Na República, a prescrição de conduzir apenas os mais capazes à contemplação do princípio supremo, a Idéia do Bem, e isso apenas depois dos 50 anos (República 540 a), simplesmente não faria sentido se os jovens de 20 anos pudessem obter informações em toda parte, até mesmo na forma escrita, sobre as atividades filosóficas da última fase. Sócrates age “esotericamente” no Eutidemo: ele dispõe de um saber mais fundamental, porém não vê necessidade alguma de o expor a interlocutores [Eutidemo e Dionisidoro] que têm uma formação insuficiente ou que não são apropriados para a filosofia.
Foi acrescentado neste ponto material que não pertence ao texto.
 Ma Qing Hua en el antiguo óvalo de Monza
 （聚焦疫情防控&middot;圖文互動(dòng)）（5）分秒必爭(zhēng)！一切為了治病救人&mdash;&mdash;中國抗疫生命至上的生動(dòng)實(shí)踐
Portanto, a habilidade de reter saber filosófico se necessário, caso as circunstâncias o exijam, é algo que Platão apresenta como uma qualidade positiva do filósofo verdadeiro. O sofista é por essência antiesotérico. Platão atribui justamente a Protágoras, o líder da sofítica do século V, a defesa do princípio de abertura na comunicação do saber (Protágoras 317 b-c).

Quase todos os diálogos de Platão mostram que o condutor do diálogo teria algo mais a dizer sobre a essência da questão, mas se recusa a fazê-lo nesse momento e nesse lugar por julgar seu interlocutor incapaz ou despreparado. São as “passagens de retenção”.

Eis as principais características das obras de Platão:

(1)   Elas retratam conversações, pois para Platão o pensar é uma conversa da alma consigo mesma, embora apresentem longos discursos monológicos (p.ex., a quinta parte do sexto livro das Leis, o discurso de Eros no Fedro e, sobretudo, o monólogo do personagem-título em Timeu).

(2)   Ocorrem num lugar e num espaço determinados, pois a entrada na prática filosófica nunca ocorrerá sem engajamento pessoal.

(3)   Cada diálogo possui um líder da conversação, ou seja, não há uma conversação entre iguais, o que remete à concepção platônica da comunicação do saber filosófico.

(4)   O líder da conversação fala com apenas um interlocutor de cada vez, ou seja, cada participante permanece focado apenas no líder e é por ele corrigido. Há casos em que o líder decide que a conversação não é produtiva e continua o diálogo com interlocutores imaginários, como os ateus do décimo livro das Leis, Diótima no Banquete ou o hóspede anônimo de Sócrates em Hípias maior.

(5)   O líder da conversação pode responder a todas as objeções, ou seja, os interlocutores não podem superar o líder em nenhuma situação.

(6)   A conversação progride aos solavancos a um degrau qualitativamente superior.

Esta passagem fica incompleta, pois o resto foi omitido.